Ekivrac, une nouvelle stratégie pour renouer avec la croissance
A la tête d’un réseau de sept magasins bios, Géraud Strens est convaincu que le marché du bio va renouer avec la croissance. Face à la crise, il a d’ailleurs développé des stratégies marketing qui lui permettent de tripler ses volumes et ainsi consolider son réseau de magasins. A l’occasion de la semaine du bio, Trends-Tendances est parti à la rencontre de cet acteur bio wallon.
C’est en 2016, alors qu’il était encore aux études que Géraud Strens, fondateur de la chaîne de magasins bios Ekivrac, a créé son entreprise et ouvert son premier magasin de produits bios en vrac à Braine-le-Comte, en partie financé grâce à un crowdfunding. “Dès les premiers jours, nous avons eu une centaine de clients”, se rappelle-t-il. Très vite, les choses s’accélèrent et en à peine cinq ans, neuf magasins voient le jour. A celui de Braine-le-Comte s’ajoutent ceux de Casteau, Nivelles, La Louvière, Soignies, Braine-l’Alleud, Genappe, Le Roux et Wavre.
Dans ces communes – à cheval entre le Hainaut et le Brabant wallon – il y a très peu de concurrence. “Elle est même quasiment inexistante”, assure Géraud Strens qui souhaite concentrer son réseau dans la région. “A Bruxelles par exemple, je ne pense pas qu’il y ait encore de la place pour de nouvelles enseignes bios alors qu’il y a encore du potentiel dans notre région”, observe le responsable.

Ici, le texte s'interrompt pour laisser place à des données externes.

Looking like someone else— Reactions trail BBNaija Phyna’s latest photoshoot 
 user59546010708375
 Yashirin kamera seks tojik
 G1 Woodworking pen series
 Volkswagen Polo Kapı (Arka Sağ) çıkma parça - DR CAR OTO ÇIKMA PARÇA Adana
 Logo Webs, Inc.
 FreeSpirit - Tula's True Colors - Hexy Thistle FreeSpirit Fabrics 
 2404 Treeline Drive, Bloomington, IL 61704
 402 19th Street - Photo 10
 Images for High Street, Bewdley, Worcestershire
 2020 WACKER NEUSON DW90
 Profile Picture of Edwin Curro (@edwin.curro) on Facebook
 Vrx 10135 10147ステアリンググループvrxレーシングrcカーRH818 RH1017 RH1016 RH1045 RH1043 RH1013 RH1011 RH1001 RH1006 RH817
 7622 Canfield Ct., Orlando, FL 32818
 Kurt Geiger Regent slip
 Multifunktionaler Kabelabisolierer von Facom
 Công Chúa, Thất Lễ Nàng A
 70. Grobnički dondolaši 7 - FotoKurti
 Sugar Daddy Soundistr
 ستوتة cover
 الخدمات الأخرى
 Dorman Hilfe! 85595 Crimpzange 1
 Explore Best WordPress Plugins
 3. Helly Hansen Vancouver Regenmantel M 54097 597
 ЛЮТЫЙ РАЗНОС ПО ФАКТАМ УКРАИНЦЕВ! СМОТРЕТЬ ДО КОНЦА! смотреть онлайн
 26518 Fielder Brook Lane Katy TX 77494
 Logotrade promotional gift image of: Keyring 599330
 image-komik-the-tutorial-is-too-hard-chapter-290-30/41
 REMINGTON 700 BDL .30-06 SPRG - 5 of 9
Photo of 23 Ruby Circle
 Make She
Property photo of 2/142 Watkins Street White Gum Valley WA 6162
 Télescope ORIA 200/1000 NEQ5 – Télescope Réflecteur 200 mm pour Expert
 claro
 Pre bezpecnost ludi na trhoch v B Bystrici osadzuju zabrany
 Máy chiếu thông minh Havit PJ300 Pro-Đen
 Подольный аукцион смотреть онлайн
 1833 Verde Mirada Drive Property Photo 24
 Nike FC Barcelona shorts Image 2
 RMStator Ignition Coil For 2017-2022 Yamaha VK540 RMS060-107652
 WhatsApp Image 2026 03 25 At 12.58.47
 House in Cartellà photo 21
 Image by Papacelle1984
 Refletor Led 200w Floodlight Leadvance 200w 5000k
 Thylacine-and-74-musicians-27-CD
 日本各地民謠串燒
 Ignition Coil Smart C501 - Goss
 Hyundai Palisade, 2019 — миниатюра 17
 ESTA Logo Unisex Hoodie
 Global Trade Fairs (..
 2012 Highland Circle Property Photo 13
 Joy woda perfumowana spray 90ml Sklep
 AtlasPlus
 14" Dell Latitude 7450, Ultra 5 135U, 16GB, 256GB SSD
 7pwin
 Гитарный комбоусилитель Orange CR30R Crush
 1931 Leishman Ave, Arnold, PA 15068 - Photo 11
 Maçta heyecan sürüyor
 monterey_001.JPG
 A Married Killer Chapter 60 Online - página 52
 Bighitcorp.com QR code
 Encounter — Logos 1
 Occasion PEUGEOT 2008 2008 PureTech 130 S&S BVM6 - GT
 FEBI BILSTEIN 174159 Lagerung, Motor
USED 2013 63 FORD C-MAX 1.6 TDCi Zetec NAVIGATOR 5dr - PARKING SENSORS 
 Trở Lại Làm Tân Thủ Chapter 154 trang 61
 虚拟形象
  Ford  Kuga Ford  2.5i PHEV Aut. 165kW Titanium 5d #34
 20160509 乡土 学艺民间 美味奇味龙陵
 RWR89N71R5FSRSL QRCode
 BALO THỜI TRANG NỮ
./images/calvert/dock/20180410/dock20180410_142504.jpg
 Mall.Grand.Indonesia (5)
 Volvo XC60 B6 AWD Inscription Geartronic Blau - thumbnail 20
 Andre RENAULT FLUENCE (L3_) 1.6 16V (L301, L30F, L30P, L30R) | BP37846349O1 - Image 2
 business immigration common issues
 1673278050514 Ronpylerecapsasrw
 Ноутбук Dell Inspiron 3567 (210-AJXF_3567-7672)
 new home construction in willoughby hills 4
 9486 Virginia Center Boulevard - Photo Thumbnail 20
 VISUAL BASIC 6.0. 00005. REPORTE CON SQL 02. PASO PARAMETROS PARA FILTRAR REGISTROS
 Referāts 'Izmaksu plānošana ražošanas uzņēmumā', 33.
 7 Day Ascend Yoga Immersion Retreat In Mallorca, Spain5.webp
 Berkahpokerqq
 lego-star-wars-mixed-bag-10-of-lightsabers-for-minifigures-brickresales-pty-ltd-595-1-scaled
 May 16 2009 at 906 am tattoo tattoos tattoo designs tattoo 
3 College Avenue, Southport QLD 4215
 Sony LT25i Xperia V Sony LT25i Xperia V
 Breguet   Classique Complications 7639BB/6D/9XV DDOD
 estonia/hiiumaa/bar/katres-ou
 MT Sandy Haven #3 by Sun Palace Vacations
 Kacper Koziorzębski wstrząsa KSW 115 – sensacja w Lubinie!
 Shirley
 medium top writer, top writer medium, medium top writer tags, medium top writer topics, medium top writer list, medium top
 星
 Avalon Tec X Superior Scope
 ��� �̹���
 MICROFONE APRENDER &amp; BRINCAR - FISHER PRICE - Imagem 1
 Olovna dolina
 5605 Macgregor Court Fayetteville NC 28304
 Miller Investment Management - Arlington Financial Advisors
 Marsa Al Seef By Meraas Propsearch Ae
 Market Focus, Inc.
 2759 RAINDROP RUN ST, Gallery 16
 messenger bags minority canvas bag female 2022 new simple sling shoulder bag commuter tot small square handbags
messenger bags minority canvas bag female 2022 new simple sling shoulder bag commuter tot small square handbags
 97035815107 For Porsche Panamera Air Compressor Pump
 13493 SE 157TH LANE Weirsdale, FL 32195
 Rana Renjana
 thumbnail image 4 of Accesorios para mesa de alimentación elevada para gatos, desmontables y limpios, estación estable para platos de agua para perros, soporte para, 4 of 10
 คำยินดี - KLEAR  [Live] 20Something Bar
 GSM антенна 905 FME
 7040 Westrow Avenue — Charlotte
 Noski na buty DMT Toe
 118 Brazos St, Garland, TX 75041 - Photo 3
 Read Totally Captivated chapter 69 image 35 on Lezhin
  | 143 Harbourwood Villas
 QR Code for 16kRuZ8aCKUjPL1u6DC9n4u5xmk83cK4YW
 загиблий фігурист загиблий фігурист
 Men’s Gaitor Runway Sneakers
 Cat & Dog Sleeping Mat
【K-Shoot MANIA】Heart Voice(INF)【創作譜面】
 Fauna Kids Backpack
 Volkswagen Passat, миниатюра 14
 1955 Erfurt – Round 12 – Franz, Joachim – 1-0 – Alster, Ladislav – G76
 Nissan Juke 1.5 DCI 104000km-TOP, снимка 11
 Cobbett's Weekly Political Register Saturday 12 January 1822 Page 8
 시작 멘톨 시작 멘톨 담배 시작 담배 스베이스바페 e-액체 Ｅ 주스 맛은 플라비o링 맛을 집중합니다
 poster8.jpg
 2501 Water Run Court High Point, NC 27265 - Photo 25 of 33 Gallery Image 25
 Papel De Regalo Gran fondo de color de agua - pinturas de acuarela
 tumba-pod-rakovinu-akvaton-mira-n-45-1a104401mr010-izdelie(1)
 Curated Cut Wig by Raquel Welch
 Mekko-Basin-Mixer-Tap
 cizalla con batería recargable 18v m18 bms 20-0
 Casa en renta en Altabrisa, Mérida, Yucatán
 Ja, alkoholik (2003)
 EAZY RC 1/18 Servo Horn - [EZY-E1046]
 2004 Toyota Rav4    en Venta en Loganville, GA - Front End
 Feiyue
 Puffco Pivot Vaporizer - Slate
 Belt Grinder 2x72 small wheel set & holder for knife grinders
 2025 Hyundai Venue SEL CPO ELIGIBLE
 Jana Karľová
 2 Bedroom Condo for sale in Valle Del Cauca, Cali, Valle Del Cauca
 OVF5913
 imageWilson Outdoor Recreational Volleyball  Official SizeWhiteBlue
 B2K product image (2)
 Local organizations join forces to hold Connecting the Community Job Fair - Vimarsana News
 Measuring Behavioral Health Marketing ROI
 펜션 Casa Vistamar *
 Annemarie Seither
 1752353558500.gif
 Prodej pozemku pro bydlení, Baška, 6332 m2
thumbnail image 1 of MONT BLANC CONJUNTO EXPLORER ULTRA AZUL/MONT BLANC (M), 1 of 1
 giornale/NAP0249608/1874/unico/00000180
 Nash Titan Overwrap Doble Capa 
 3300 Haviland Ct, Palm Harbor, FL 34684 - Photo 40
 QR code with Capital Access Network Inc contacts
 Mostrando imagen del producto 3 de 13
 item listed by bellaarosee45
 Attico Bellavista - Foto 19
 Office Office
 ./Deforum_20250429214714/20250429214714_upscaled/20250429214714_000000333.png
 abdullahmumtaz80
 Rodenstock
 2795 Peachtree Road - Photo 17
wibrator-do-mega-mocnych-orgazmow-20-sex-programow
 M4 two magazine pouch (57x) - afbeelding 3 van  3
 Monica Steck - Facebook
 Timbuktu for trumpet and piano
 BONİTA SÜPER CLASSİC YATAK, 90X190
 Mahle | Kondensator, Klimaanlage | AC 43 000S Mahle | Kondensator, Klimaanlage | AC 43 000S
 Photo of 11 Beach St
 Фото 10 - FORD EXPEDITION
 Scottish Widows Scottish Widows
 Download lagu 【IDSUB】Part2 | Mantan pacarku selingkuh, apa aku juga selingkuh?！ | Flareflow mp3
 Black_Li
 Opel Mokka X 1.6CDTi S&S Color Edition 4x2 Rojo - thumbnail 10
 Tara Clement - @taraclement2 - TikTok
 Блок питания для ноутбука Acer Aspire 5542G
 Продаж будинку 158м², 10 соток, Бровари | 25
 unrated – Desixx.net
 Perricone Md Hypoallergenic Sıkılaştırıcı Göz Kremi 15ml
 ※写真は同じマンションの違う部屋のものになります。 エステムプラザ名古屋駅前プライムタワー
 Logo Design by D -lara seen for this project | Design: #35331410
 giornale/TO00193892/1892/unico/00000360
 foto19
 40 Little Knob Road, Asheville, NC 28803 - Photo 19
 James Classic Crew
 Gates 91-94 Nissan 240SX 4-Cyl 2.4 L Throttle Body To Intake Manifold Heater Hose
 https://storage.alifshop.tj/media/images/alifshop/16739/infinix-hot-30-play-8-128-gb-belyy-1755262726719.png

Pour le moment, l’heure n’est pas à de nouvelles ouvertures même si elles ne sont pas exclues à plus long terme. Début d’année, deux des neuf magasins ont dû fermer leurs portes. Fait paradoxal si l’on compare avec le marché classique de la grande distribution, ce sont les deux magasins franchisés qui rencontraient des difficultés. L’un d’eux a d’ailleurs été réintégré dans le réseau afin de tenter de le relever, mais le mal était fait. “Cela remet en question l’idée d’en franchiser d’autres”, reconnaît Géraud Strens. “Sur papier, l’idée de franchise est géniale, car elle permettrait de se développer rapidement, mais il faut faire très attention, car il y a davantage d’obstacles avec un commerce comme le nôtre qu’avec de grandes chaînes nationales”, précise-t-il. L’un d’eux tient au fait qu’il y a un travail à faire au niveau de la notoriété de la marque et de la valeur ajoutée du bio.
Une offre wallonne
Dans les magasins, l’offre proposée se décline principalement en vrac dont la majorité est constituée de produits belges, issus du circuit court. “Chaque magasin collabore avec les producteurs locaux, cela peut aller des bières aux fruits et légumes, en passant par les biscuits, détaille Géraud Strens. L’offre est donc principalement wallonne avant d’être belge.” Pour les autres produits tels que les agrumes ou oléagineux, l’entrepreneur privilégie les pays limitrophes.
L’assortiment est composé de plus de 2.000 références alimentaires et une petite partie non food. “L’idée n’est pas de multiplier les gammes, mais de répondre à un besoin”, note l’entrepreneur qui prône une consommation raisonnable et souhaite éviter de tenter les clients par des besoins superflus. “Ça a été notre philosophie pendant très longtemps, mais nous avons fait l’erreur de ne pas réviser assez souvent notre offre”, reconnaît-il.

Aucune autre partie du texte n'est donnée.